About this exercise —
Find the lines below in which the string "Heels" occurs. Copy each one.
(Records supplied Opens)
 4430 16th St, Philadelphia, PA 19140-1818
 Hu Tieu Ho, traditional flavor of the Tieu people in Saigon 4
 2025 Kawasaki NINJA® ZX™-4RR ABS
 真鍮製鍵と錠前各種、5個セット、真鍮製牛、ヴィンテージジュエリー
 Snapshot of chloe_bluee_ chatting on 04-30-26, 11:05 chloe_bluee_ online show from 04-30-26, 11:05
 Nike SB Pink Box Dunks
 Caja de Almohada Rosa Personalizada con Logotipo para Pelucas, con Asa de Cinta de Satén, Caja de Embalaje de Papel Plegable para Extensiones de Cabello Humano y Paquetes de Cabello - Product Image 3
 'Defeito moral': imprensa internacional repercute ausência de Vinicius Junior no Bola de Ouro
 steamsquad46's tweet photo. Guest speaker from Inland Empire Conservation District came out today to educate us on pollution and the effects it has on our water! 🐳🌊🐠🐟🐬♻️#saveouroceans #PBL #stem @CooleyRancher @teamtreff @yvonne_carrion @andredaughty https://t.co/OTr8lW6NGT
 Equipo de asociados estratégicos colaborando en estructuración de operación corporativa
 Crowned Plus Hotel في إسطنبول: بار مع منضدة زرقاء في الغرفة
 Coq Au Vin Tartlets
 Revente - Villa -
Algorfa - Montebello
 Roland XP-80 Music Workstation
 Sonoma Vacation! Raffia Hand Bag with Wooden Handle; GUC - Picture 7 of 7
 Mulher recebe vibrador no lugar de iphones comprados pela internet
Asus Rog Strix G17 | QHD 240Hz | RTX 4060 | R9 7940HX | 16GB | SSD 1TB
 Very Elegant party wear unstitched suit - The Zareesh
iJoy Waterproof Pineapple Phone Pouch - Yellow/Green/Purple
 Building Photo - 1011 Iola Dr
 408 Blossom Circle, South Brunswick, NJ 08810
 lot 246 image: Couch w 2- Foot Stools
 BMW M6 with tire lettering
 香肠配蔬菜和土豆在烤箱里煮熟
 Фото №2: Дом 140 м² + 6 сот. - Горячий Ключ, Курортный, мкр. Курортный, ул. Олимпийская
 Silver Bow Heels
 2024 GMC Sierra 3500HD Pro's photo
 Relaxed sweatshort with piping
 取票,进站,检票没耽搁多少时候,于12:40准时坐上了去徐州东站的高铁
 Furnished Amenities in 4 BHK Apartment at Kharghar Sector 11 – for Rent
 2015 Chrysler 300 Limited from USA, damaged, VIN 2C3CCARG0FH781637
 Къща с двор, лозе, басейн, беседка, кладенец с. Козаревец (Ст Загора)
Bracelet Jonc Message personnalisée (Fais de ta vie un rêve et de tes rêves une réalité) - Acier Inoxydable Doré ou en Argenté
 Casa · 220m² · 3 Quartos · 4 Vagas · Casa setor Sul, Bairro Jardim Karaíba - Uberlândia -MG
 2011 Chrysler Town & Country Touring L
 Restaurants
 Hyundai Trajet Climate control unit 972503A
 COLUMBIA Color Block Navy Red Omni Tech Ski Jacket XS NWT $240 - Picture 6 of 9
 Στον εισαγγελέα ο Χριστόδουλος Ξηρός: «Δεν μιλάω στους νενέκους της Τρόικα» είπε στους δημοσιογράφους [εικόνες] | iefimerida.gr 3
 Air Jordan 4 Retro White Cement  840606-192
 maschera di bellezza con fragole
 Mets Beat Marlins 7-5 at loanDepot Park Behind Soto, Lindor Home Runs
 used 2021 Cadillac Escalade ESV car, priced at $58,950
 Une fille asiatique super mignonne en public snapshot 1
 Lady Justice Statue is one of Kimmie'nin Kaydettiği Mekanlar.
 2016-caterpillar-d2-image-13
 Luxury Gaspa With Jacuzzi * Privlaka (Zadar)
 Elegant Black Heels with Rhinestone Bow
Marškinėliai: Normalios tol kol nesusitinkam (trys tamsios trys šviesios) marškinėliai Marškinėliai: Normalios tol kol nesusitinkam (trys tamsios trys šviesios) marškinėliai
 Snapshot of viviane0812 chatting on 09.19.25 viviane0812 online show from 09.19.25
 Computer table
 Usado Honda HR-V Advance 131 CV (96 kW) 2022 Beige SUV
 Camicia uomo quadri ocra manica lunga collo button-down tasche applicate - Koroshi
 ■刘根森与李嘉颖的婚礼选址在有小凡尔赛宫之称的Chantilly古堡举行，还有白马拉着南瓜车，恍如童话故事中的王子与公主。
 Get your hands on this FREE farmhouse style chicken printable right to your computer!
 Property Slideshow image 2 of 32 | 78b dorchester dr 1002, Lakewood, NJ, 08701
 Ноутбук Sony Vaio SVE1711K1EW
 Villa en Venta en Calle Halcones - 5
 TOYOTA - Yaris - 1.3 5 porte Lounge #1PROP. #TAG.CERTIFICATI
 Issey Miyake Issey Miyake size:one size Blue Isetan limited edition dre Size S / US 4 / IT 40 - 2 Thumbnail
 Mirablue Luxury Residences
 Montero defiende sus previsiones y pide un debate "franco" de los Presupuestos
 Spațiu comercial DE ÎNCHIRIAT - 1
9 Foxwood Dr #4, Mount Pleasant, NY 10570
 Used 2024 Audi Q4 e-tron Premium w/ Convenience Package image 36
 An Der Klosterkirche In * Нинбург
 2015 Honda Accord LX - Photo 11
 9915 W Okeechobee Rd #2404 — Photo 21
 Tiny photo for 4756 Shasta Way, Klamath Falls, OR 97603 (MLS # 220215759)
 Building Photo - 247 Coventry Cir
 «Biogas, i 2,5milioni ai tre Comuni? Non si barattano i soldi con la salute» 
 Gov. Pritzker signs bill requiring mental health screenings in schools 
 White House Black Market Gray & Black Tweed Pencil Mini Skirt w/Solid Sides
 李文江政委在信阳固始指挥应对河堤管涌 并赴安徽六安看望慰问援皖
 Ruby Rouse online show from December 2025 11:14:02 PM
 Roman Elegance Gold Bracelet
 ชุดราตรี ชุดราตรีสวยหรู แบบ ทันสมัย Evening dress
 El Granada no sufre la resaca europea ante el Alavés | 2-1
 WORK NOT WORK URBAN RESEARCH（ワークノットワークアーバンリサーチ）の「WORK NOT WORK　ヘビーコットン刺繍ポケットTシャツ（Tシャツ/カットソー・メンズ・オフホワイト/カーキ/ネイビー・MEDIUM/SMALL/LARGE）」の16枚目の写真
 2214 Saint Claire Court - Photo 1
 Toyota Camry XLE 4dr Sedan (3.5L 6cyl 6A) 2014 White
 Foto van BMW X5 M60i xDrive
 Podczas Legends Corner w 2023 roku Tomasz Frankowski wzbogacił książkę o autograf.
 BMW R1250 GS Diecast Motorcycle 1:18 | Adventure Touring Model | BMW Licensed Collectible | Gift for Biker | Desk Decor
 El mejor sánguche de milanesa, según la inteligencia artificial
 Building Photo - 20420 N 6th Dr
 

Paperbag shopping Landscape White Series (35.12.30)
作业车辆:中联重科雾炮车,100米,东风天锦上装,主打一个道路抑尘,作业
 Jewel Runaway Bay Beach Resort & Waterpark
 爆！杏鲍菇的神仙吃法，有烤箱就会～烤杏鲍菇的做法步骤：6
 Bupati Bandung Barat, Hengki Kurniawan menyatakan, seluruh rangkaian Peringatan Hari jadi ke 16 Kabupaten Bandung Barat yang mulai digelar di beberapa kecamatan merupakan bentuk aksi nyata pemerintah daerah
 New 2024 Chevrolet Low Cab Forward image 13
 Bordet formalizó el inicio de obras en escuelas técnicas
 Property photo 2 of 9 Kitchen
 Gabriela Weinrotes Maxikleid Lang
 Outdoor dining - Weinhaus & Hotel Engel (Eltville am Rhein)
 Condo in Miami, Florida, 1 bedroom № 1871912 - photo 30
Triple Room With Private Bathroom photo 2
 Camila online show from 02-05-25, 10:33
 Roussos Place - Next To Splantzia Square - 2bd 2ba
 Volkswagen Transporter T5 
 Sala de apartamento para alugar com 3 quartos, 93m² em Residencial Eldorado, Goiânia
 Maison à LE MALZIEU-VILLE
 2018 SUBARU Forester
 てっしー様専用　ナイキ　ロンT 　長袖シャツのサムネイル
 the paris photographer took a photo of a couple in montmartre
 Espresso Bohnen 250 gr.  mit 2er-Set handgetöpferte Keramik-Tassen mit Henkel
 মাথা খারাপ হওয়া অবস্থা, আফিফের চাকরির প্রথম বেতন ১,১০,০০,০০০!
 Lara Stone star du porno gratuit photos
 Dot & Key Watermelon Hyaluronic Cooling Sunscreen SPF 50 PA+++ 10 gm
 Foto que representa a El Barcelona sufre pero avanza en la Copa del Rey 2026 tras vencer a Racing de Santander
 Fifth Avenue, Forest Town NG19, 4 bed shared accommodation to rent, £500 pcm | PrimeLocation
(Records supplied Closes)
Answer box —
 Silver Bow Heels
 Elegant Black Heels with Rhinestone Bow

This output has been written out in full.